After that was the blond novelist who messaged me over the dating website to submit to her online literary magazine. She said we should get a drink but on the night of she stood me up. On our date the next day she told me she didn’t want to have sex because, as she said, “we would have more than that.” We made out for our goodbye, then she went silent over the next weeks. So I wrote a story about “us” and sent it to her literary magazine.
Then her friend, I would later learn, who went to the same MFA program with the other two from before. She reached out to me over Twitter because she said I was great at promoting at her stuff and because she said she liked mine. We texted and she wrote that I was “clever, almost too clever,” then she sent me one of her stories and said I should one send back. Her story was good, so I sent her a congratulatory note, then I waited for her reply. That’s when she went silent.

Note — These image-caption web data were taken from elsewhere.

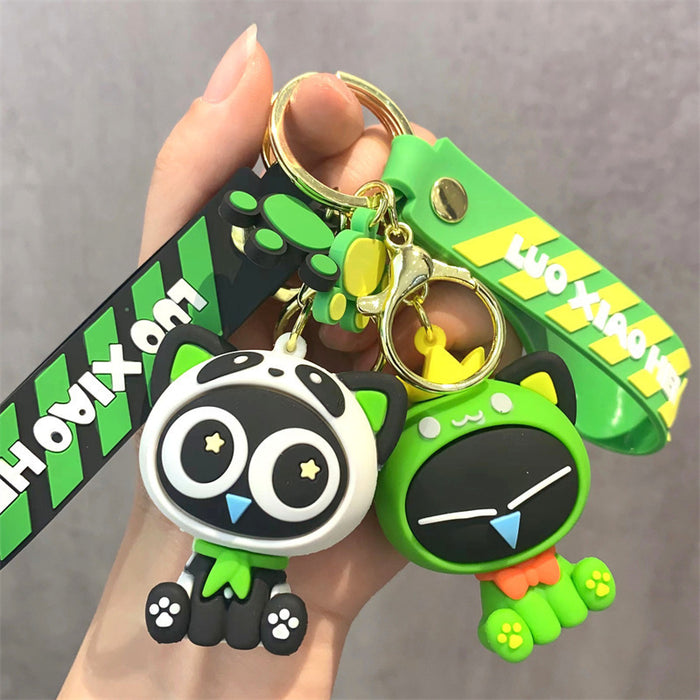 Wholesale 2PCS Cartoon Animals Panda PVC Keychains JDC-KC-Aobang005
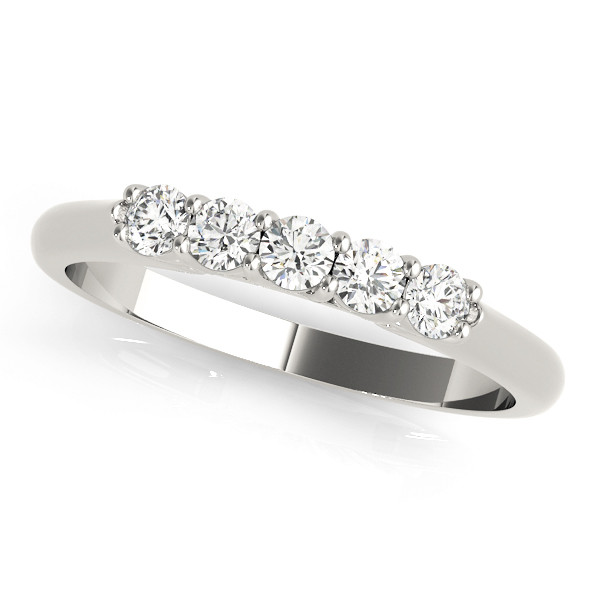 0.33 Ct Lab-Created Round Cut Akira 5 Stone Ring Diamond Rings in 9K White Gold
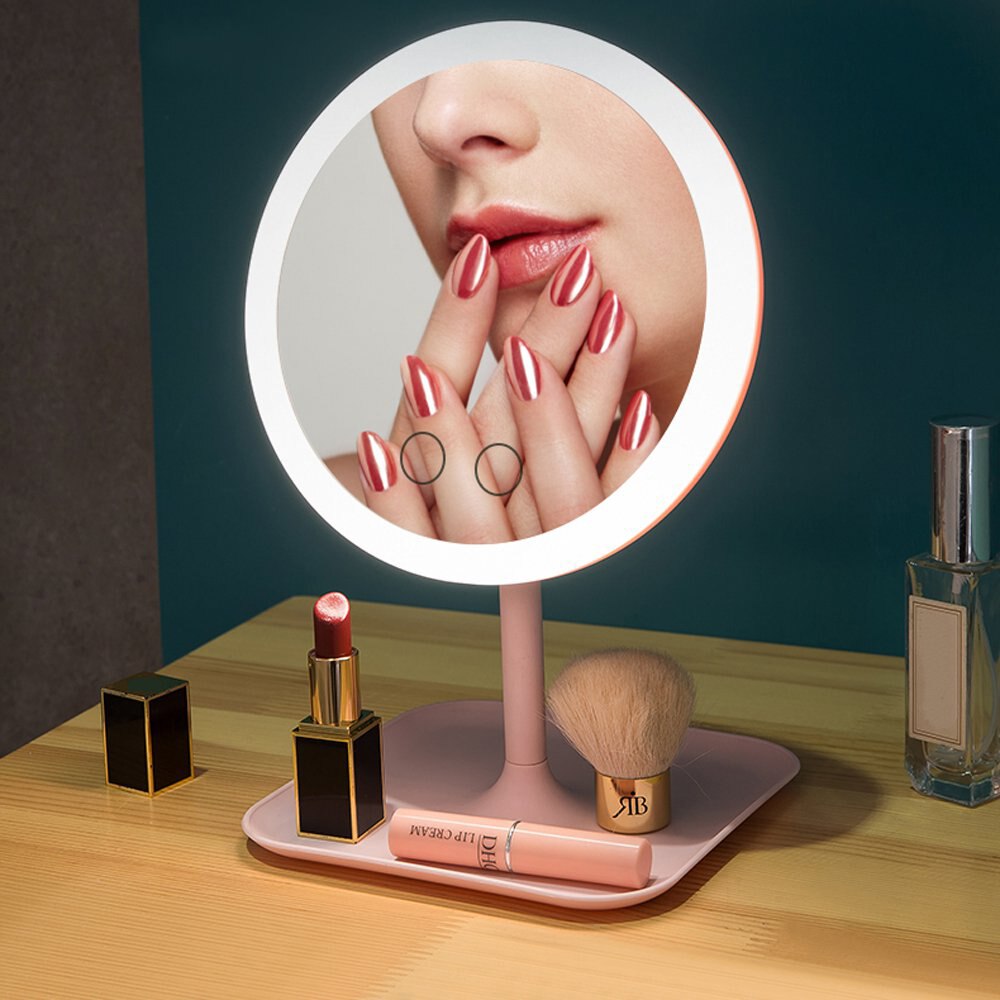 Espejo LED de sobremesa para maquillaje ligero, espejo con luz de relleno, espejo de belleza portátil inteligente con pantalla táctil opcional, brillo, carga USB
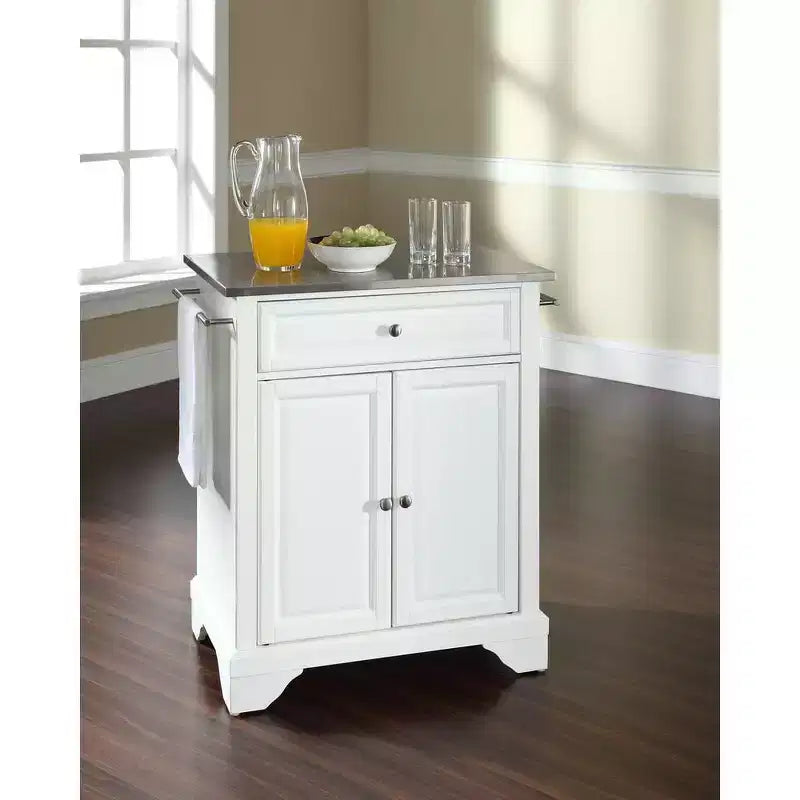 Dessert de cuisine roulant portable avec dessus en granit, petit îlot de rangement, support pour micro-ondes, blanc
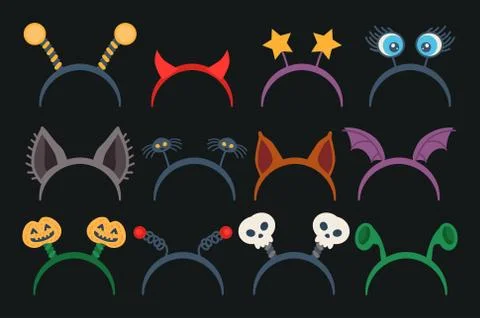 Masquerade head decor and mask set. Vector illustration. Halloween headbands Stock Illustration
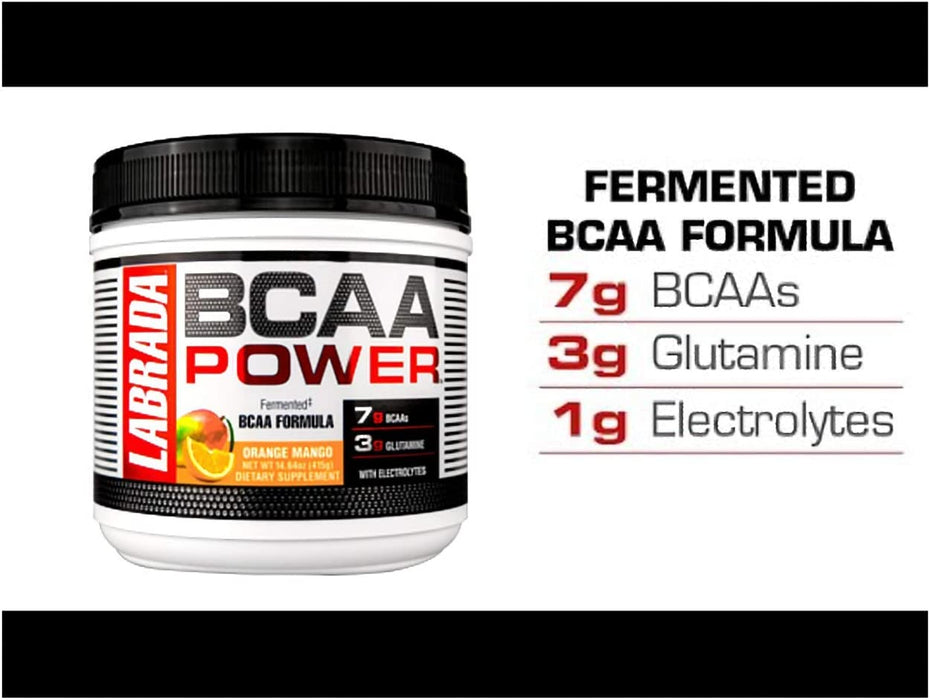 Labrada BCAA Power 30 Servings Fermented BCAA Formula, 3g Glutamine With Electrolytes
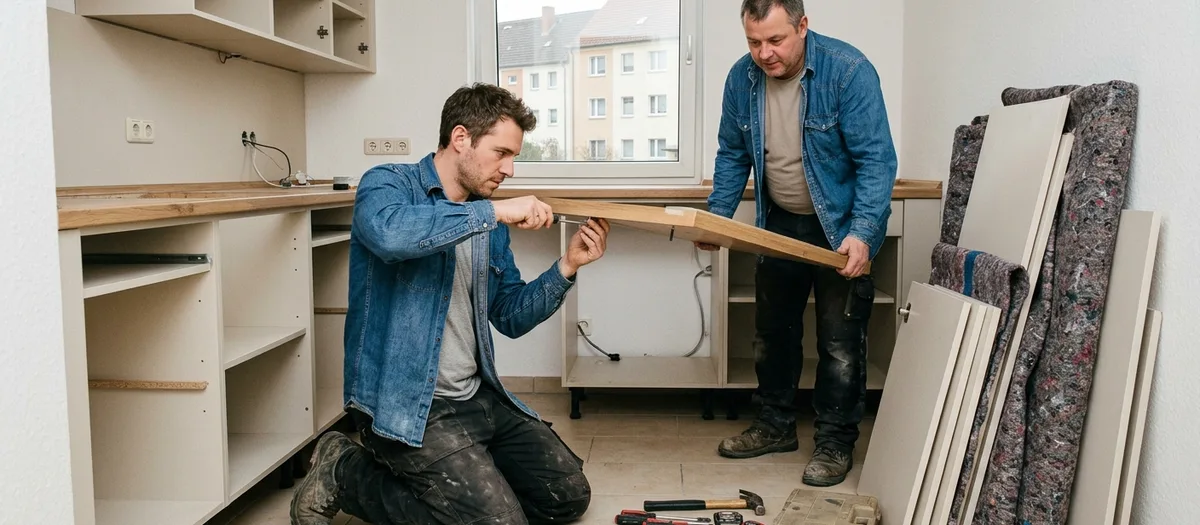 Umzugswagen steht quer zur abschüssigen Straße, die Ladebordwand ist herunter, ein Schrank wird gesichert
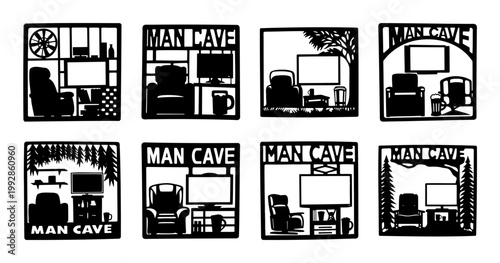 Man Cave Metal Wall Art Panels Set- Collection of metal wall art panels featuring “Man Cave” themes with bold silhouettes and lifestyle scenes, perfect for garages and personal retreats.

And another who messaged me over Twitter to say we should meet. She thought, she said, she’d met everyone there was to know. Then she told me over drinks I hadn’t tried hard enough to be part of the group, which was her group. That night, she left the bar walking several paces ahead of me. I had refused to say that being part of her group was part of being a writer. What I couldn’t tell her, as I would have seemed even more low, is I had tried to be part of her group. I had reached out to several of them to discuss writing. I had talked to a few personally and said I was interested in freelance work. I could have told her those things, but I didn’t. I wanted to save my pride.
I have more stories, though it seems redundant to recall them. They all, I fear, have mounded into a mass forcing me out of an imaginary scene I believe is crucially important. But then I think, maybe it wouldn’t have mattered. All these horror stories didn’t make me a pariah. I would have been one anyway. I can think of three reasons why.
One is that I was, and continue to be, not good at writing. That’s why I’m not successful within the world of blog posts and short stories and autobiographical fiction. Or, better said, the reason why Marie Calloway doesn’t know who I am is because I’m not good (at writing). And though I often confront myself with this being the Occam’s Razor for my predicament, honestly, and I’m not trying to sound delusional, I don’t think that’s the case.
The second possibility is I haven’t put in the time. I haven’t worked hard enough to crack the shell of whatever nut protects the bylines and blog jobs and Twitter follows from everyone who matters. Maybe that’s it.
But there is one other conclusion, the one that drove to me to write this, the one that makes me believe no matter how many things I write or submit or query, it won’t matter. I don’t say the right things to the right people. So I’m an outsider, a creepy weirdo.
And that could be, but I have to be honest and say I’d rather be a creepy weirdo than be someone who dismisses people because I don’t believe them important.
So, should you keep pursuing your dream? I guess, or don’t. It doesn’t really matter. Just be sure to never be honest about anything. If you are, you’ll start ruining everything.